=== Work to complete ===
Without any images, write the data out exactly as it appears.

(Dataset items)
○ ○ ○ ○
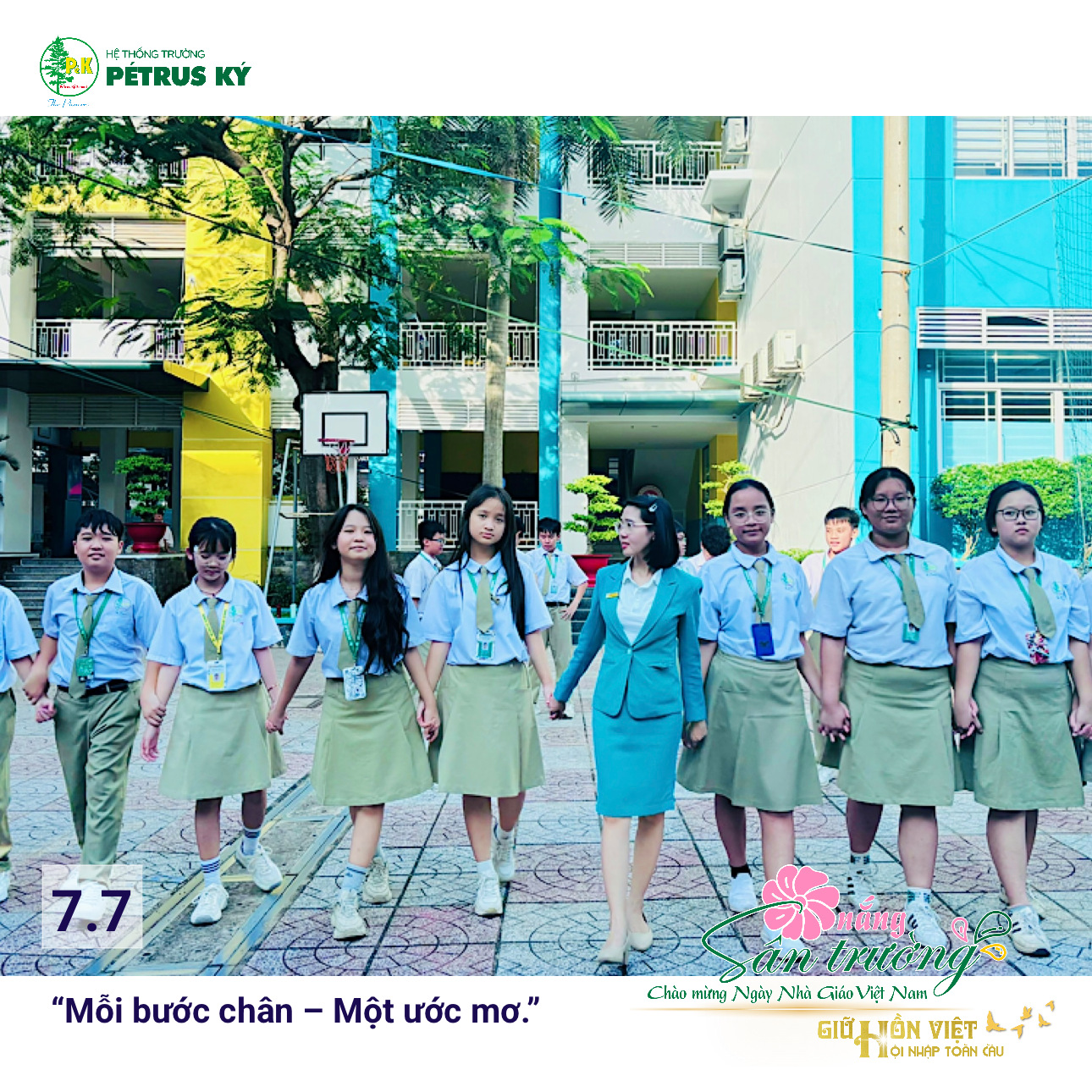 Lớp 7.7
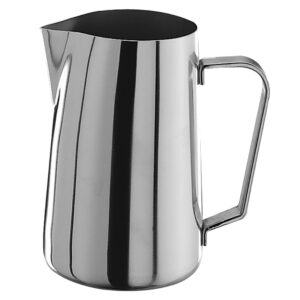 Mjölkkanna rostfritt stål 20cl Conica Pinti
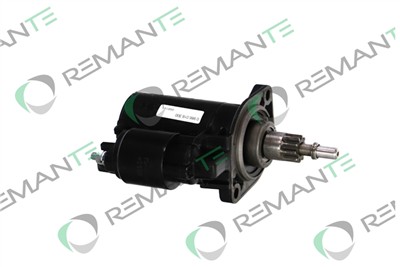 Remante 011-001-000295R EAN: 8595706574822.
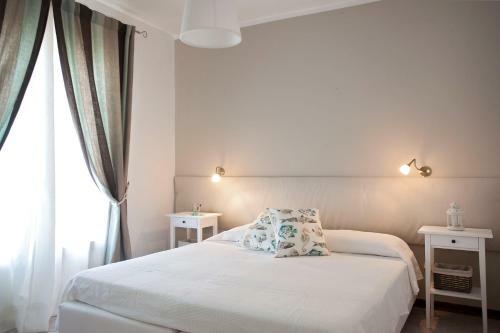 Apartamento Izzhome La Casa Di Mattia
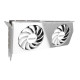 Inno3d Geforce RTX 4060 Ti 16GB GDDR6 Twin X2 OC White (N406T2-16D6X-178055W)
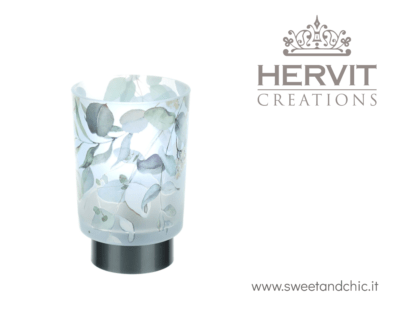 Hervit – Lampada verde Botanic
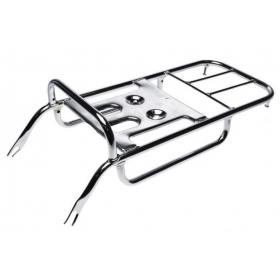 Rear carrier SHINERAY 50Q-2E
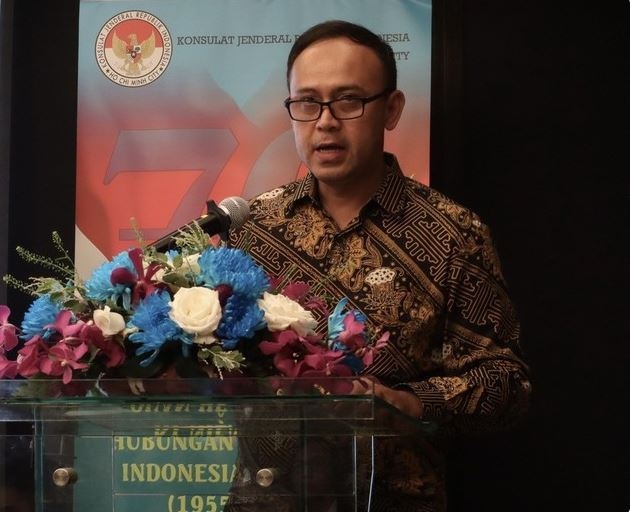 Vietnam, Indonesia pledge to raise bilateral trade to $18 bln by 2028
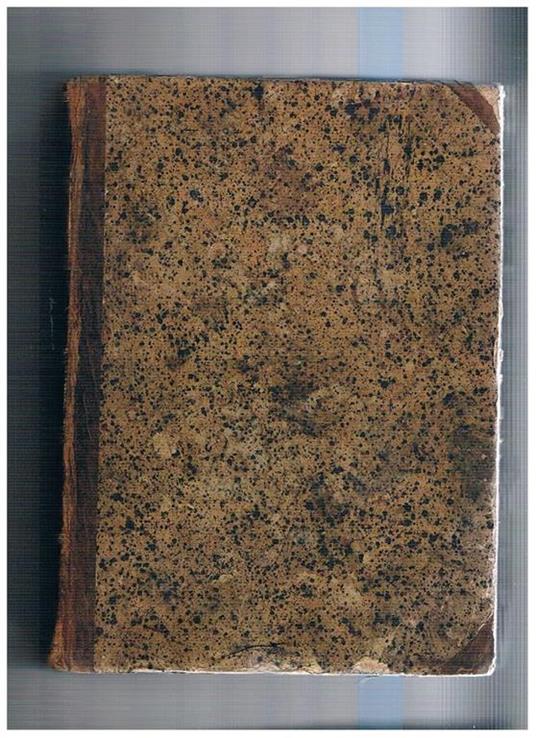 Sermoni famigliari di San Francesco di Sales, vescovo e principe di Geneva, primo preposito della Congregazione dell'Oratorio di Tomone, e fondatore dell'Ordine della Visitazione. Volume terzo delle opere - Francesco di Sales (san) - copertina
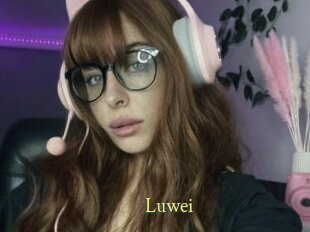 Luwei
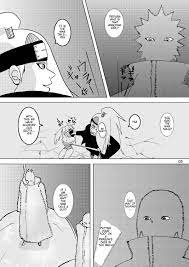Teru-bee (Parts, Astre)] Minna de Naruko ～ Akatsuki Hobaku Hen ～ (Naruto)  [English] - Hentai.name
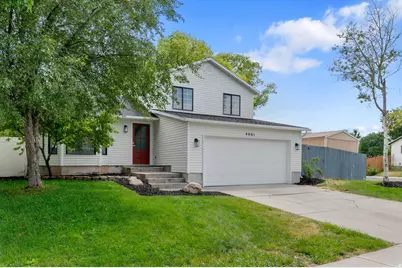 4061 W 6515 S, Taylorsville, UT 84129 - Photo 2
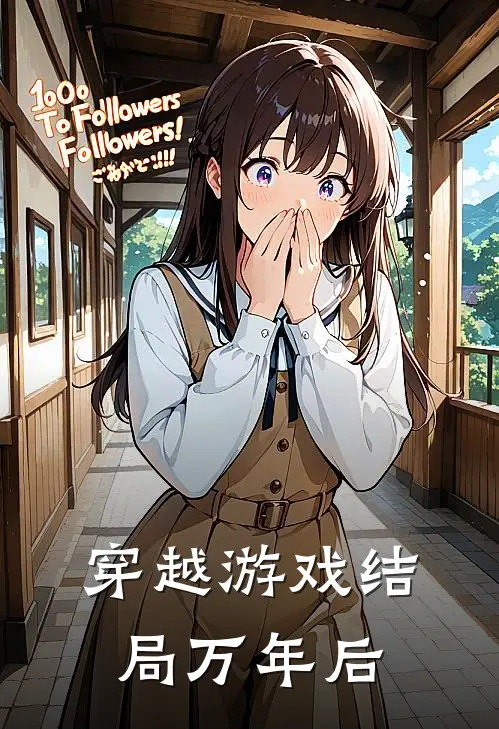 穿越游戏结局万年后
○ ○ ○ ○
=== Solution for this exercise ===
 Lớp 7.7
 Mjölkkanna rostfritt stål 20cl Conica Pinti
 Remante 011-001-000295R EAN: 8595706574822.
 Apartamento Izzhome La Casa Di Mattia
 Inno3d Geforce RTX 4060 Ti 16GB GDDR6 Twin X2 OC White (N406T2-16D6X-178055W)
 Hervit – Lampada verde Botanic
 Rear carrier SHINERAY 50Q-2E
 Vietnam, Indonesia pledge to raise bilateral trade to $18 bln by 2028
 Sermoni famigliari di San Francesco di Sales, vescovo e principe di Geneva, primo preposito della Congregazione dell'Oratorio di Tomone, e fondatore dell'Ordine della Visitazione. Volume terzo delle opere - Francesco di Sales (san) - copertina
 Luwei
Teru-bee (Parts, Astre)] Minna de Naruko ～ Akatsuki Hobaku Hen ～ (Naruto)  [English] - Hentai.name
 4061 W 6515 S, Taylorsville, UT 84129 - Photo 2
 穿越游戏结局万年后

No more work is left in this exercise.